GLB Hong Kong IPO

The provider of automotive electronics and power systems has hitched a ride on the success of its main customer, but runs the risk of overreliance

Key Takeaways:

  • GLB is looking to list in Hong Kong, joining a growing number of firms in the EV supply chain to seek independent financing
  • But nearly 90% of GLB revenue last year came from Geely-related groups

  

By Lee Shih Ta

China’s supply chain for electric vehicles is powering a fleet of stock market listings, as companies that once operated behind the scenes step into the equity spotlight.

Locked in a price war, automakers have sought to lower costs by getting more involved in the array of technologies incorporated into new energy vehicles, from batteries to chips and cockpit systems.

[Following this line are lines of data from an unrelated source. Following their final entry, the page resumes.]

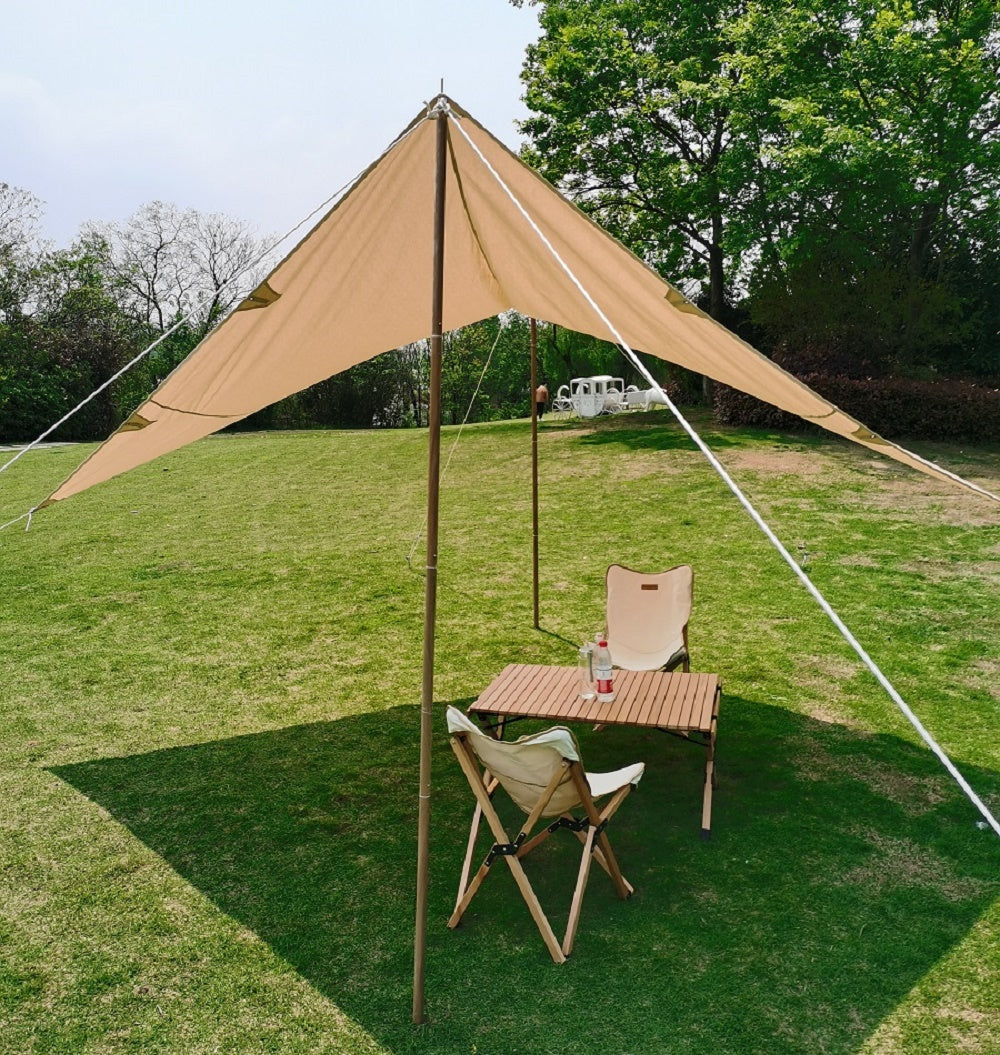 Cotton Canvas Waterproof Camping Yurt Tent Canopy R953138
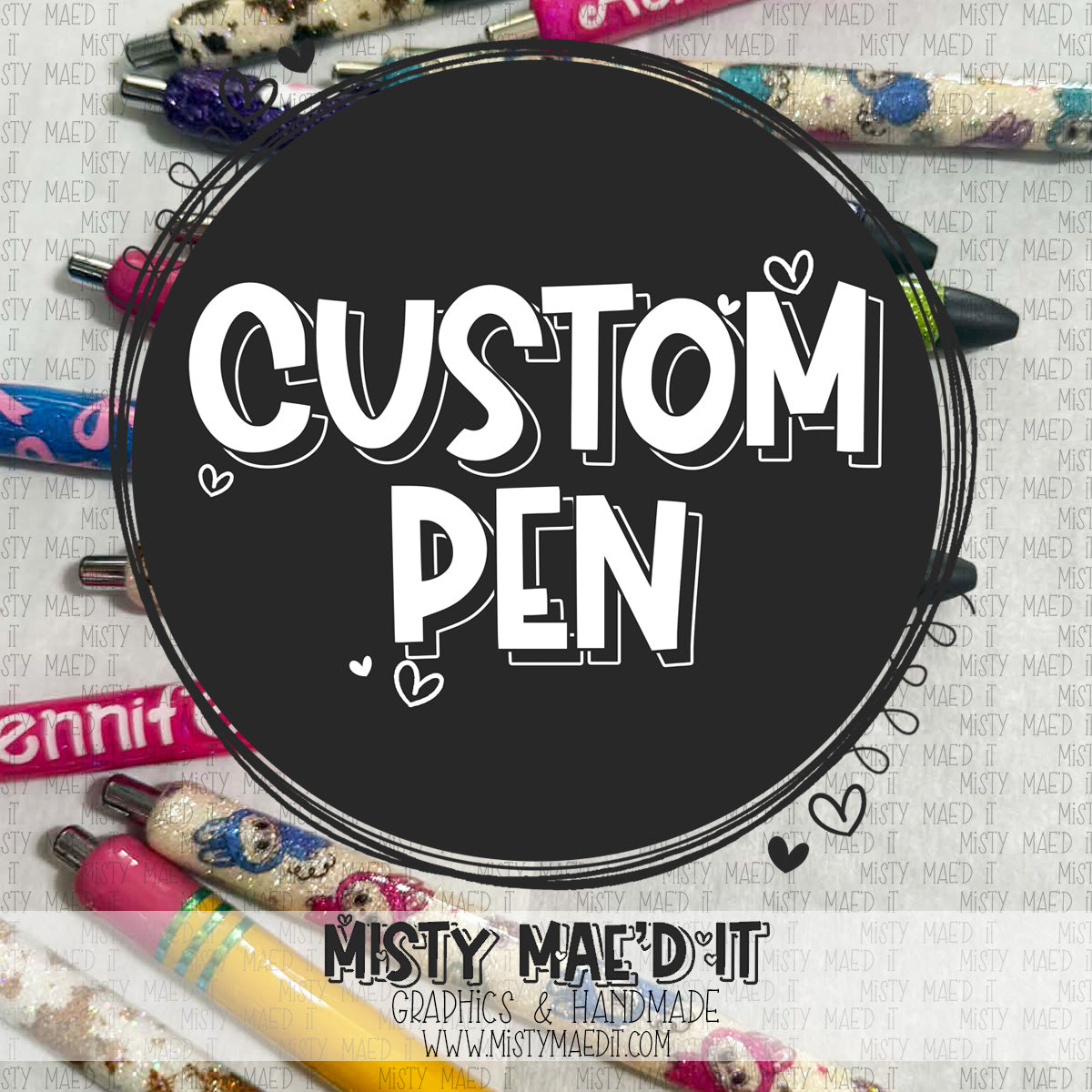 Custom Glitter Pen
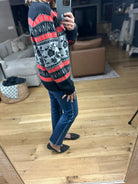 Right At Home Fair Isle Sweater-Sweaters-& Merci-Anna Kaytes Boutique, Women's Fashion Boutique in Grinnell, Iowa
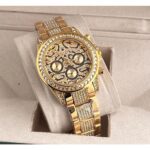 Rolex Watch Diamond Tiger Stainless Steel Edition Watch (SG186) - Accessories | Buy Online at Best Price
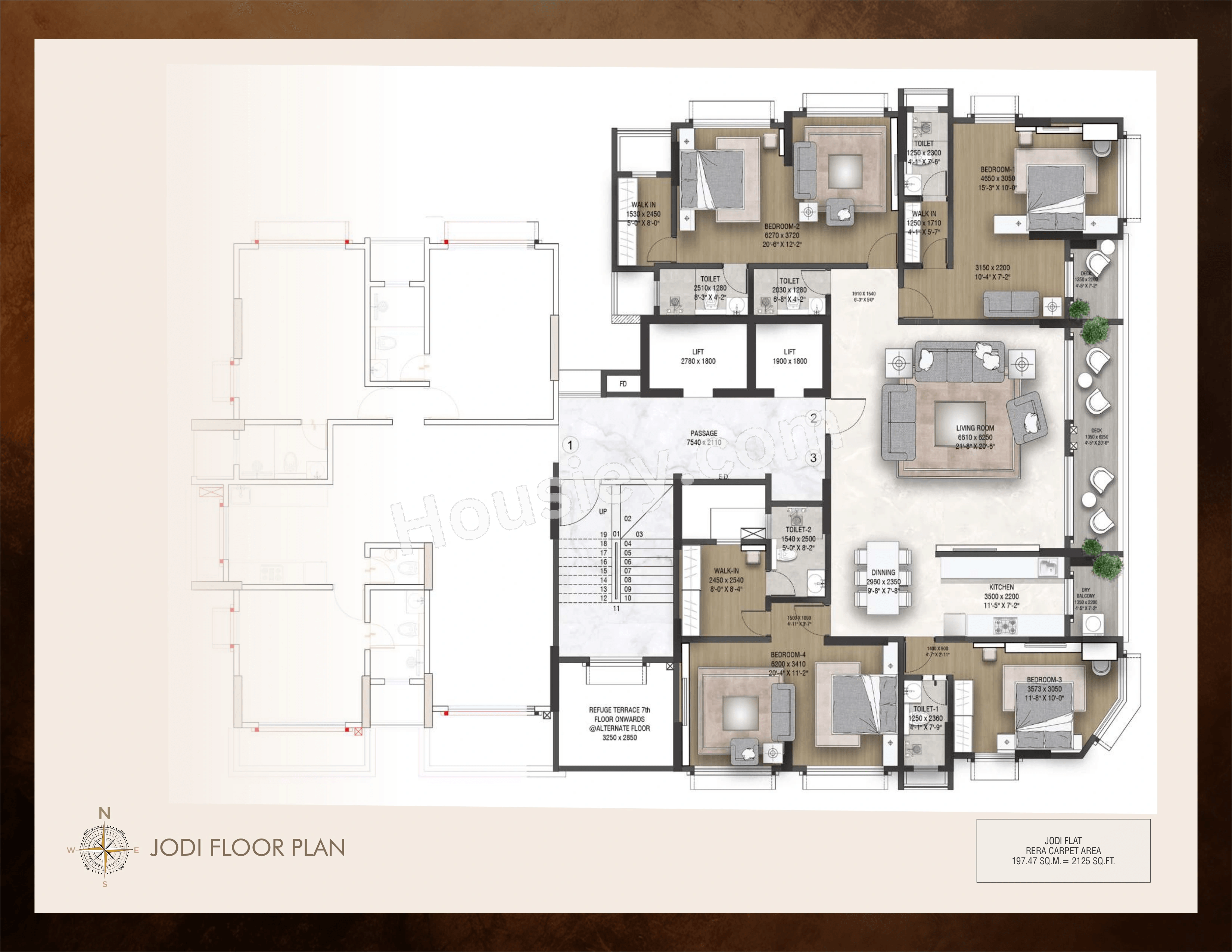 Vardhaman Palace Floor plan 4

Several businesses incubated by leading car makers have begun to raise capital independently or pursue public listings, including auto tech firm Ecarx (ECX.US), premium EV brand Zeekr (ZK.US) and CaoCao (2643.HK), a ride-hailing platform, in the Geely (0175.HK) ecosystem. Some independent providers achieved rapid growth by burrowing more deeply into automotive supply chains. One of those, GLB Intelligent Power Technologies Co. Ltd., has now filed for a Hong Kong IPO.

The maker of control and power systems for smart cars traces its roots to 2010, with early investment from the likes of GAC Capital, Orient Securities and Sequoia Capital. It entered Geely’s supply chain in 2019 and expanded gradually from there, boasting 40 design wins from 10 automakers, with its products deployed in 16 vehicle models across 12 brands.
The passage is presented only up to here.